Re: Zookeeper delay to reconnect

Posted by Brian Tarbox <br...@gmail.com>.

I would lobby not to change this...I'm still occasionally dealing with
clients spinning trying to connect...which brings down the whole cluster
until that one client is killed.

Brian

On Thu, Sep 27, 2012 at 7:55 PM, Patrick Hunt <ph...@apache.org> wrote:

> The random sleep was explicitly added to reduce herd effects and
> general "spinning client" problems iirc. Keep in mind that ZK
> generally trades of performance for availability. It wouldn't be a
> good idea to remove it in general. If anything we should have a more
> aggressive backoff policy in the case where clients are just spinning.
>
> Perhaps a plug-able approach here? Where the default is something like
> what we already have, but allow users to implement their own policy if
> they like. We could have a few implementations "out of the box"; 1)
> current, 2) no wait, 3) exponential backoff after trying each server
> in the ensemble, etc... This would also allow for experimentation.
>
> Patrick
>
> On Thu, Sep 27, 2012 at 2:28 PM, Michi Mutsuzaki <mi...@cs.stanford.edu>
> wrote:
> > Hi Sergei,
> >
> > Your suggestion sounds reasonable to me. I think the sleep was added
> > so that the client doesn't spin when the entire zookeeper is down. The
> > client could try to connect to each server without sleep, and sleep
> > for 1 second only after failing to connect to all the servers in the
> > cluster.
> >
> > Thanks!
> > --Michi
> >
> > On Thu, Sep 27, 2012 at 1:34 PM, Sergei Babovich
> > <sb...@demandware.com> wrote:
> >> Hi,
> >> Zookeeper implements a delay of up to 1 second before trying to
> reconnect.
> >>
> >> ClientCnxn$SendThread
> >>         @Override
> >>         public void run() {
> >>             ...
> >>             while (state.isAlive()) {
> >>                 try {
> >>                     if (!clientCnxnSocket.isConnected()) {
> >>                         if(!isFirstConnect){
> >>                             try {
> >>                                 Thread.sleep(r.nextInt(1000));
> >>                             } catch (InterruptedException e) {
> >>                                 LOG.warn("Unexpected exception", e);
> >>                             }
> >>
> >> This creates "outages" (even with simple retry on ConnectionLoss) up to
> 1s
> >> even with perfectly healthy cluster like in scenario of rolling
> restart. In
> >> our scenario it might be a problem under high load creating a spike in a
> >> number of requests waiting on zk operation.
> >> Would it be a better strategy to perform reconnect attempt immediately
> at
> >> least one time? Or there is more to it?
>



-- 
http://about.me/BrianTarbox

Re: Zookeeper delay to reconnect

Posted by Patrick Hunt <ph...@apache.org>.
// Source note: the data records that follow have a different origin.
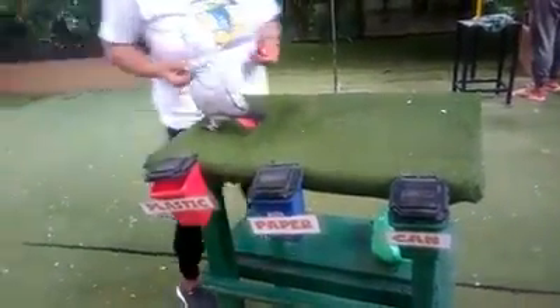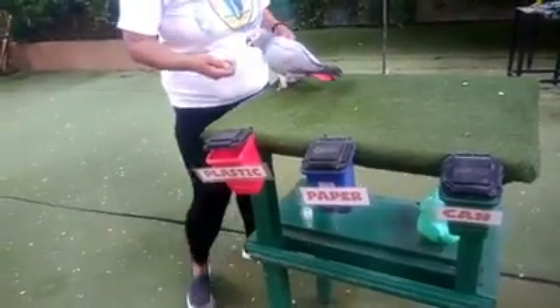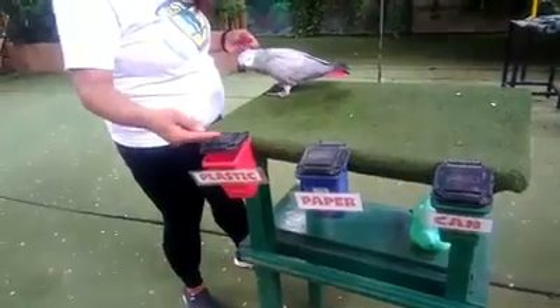All right, come here, Shasha. Here? Good bird. All right, Shasha? Okay, open. Open, Shasha.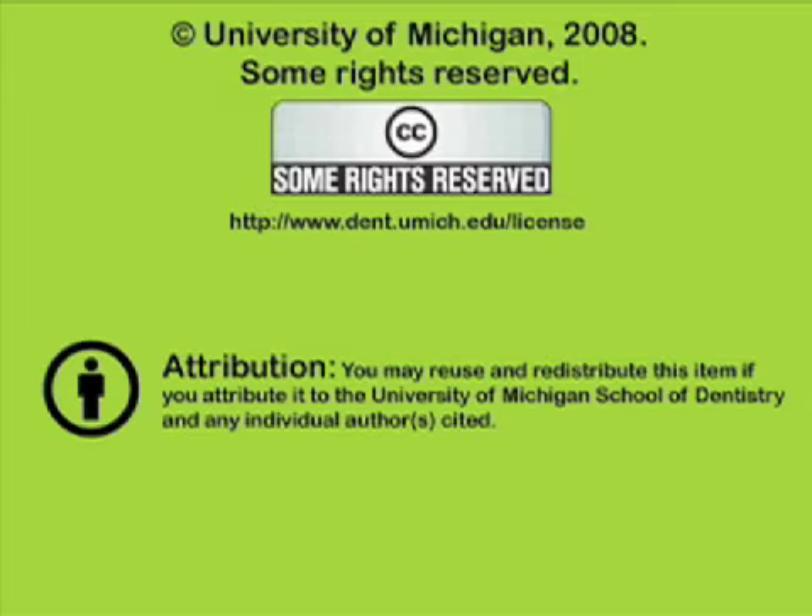This is a presentation from the University of Michigan School of Dentistry, which is dedicated to supporting open learning and open educational resources. This recording is licensed under the Creative Commons — it may be reused and redistributed for non-profit use. Please attribute materials to the University of Michigan School of Dentistry and redistribute under this same license. For more information, visit www.dent.umich.edu/license.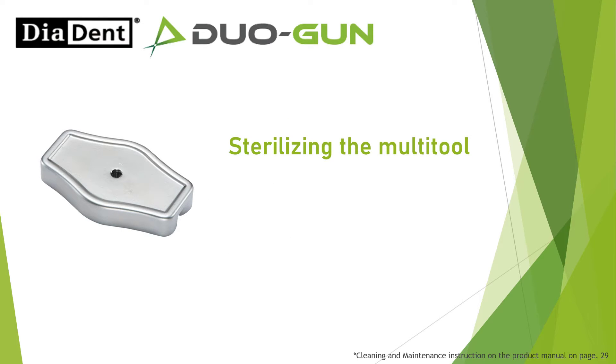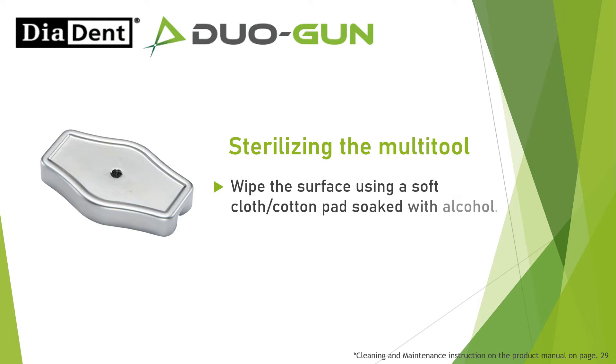Sterilizing the multi-tool: Wipe the surface using a soft cloth or cotton pad soaked with alcohol.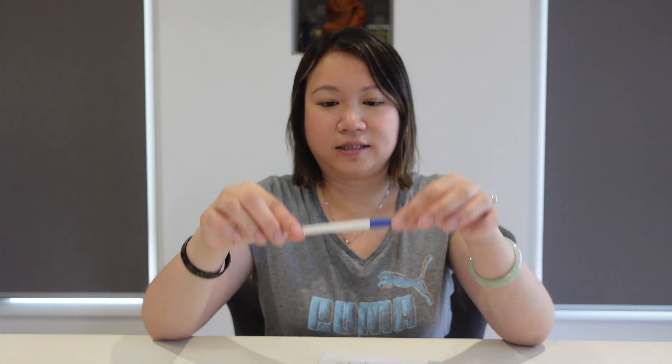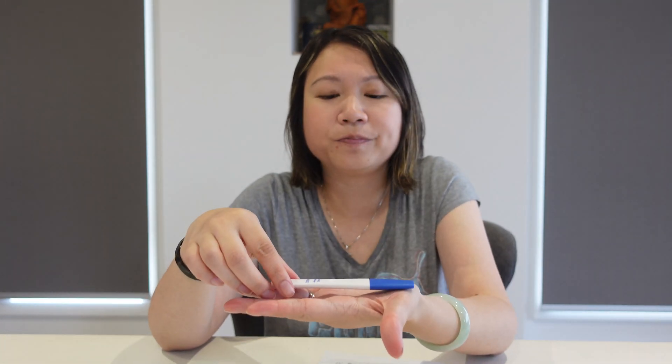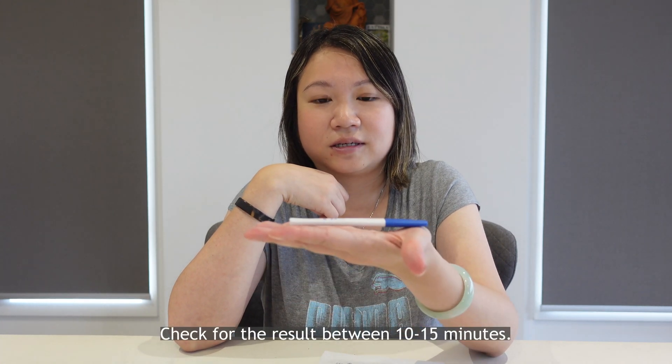And then place it inside your mouth for one to two minutes, until you can see the seed line. Two minutes up, remove from your mouth, place the cap on. Lay them flat on the table. And you just have to wait for at least 10 to 15 minutes, up to 20 minutes, to see the results.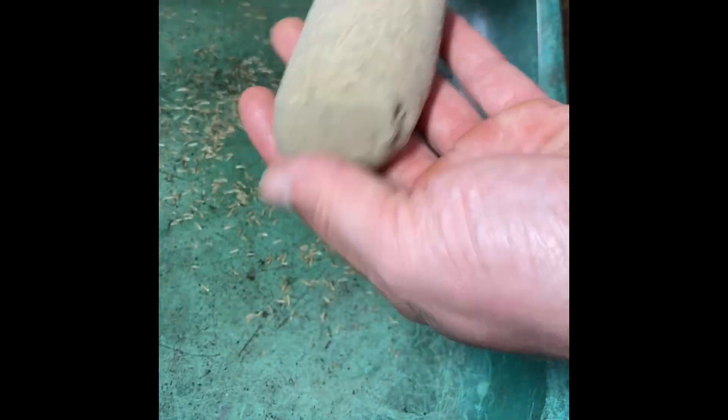Hi folks, welcome back to the potting shed. This afternoon me and my youngest daughter are going to make some grass heads. What you'll need for this is a popsock, some fresh grass seed that you can buy from any cheap shop in town, and some wood shavings.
The random sleep was explicitly added to reduce herd effects and
general "spinning client" problems iirc. Keep in mind that ZK
generally trades of performance for availability. It wouldn't be a
good idea to remove it in general. If anything we should have a more
aggressive backoff policy in the case where clients are just spinning.

Perhaps a plug-able approach here? Where the default is something like
what we already have, but allow users to implement their own policy if
they like. We could have a few implementations "out of the box"; 1)
current, 2) no wait, 3) exponential backoff after trying each server
in the ensemble, etc... This would also allow for experimentation.

Patrick

On Thu, Sep 27, 2012 at 2:28 PM, Michi Mutsuzaki <mi...@cs.stanford.edu> wrote:
> Hi Sergei,
>
> Your suggestion sounds reasonable to me. I think the sleep was added
> so that the client doesn't spin when the entire zookeeper is down. The
> client could try to connect to each server without sleep, and sleep
> for 1 second only after failing to connect to all the servers in the
> cluster.
>
> Thanks!
> --Michi
>
> On Thu, Sep 27, 2012 at 1:34 PM, Sergei Babovich
> <sb...@demandware.com> wrote:
>> Hi,
>> Zookeeper implements a delay of up to 1 second before trying to reconnect.
>>
>> ClientCnxn$SendThread
>>         @Override
>>         public void run() {
>>             ...
>>             while (state.isAlive()) {
>>                 try {
>>                     if (!clientCnxnSocket.isConnected()) {
>>                         if(!isFirstConnect){
>>                             try {
>>                                 Thread.sleep(r.nextInt(1000));
>>                             } catch (InterruptedException e) {
>>                                 LOG.warn("Unexpected exception", e);
>>                             }
>>
>> This creates "outages" (even with simple retry on ConnectionLoss) up to 1s
>> even with perfectly healthy cluster like in scenario of rolling restart. In
>> our scenario it might be a problem under high load creating a spike in a
>> number of requests waiting on zk operation.
>> Would it be a better strategy to perform reconnect attempt immediately at
>> least one time? Or there is more to it?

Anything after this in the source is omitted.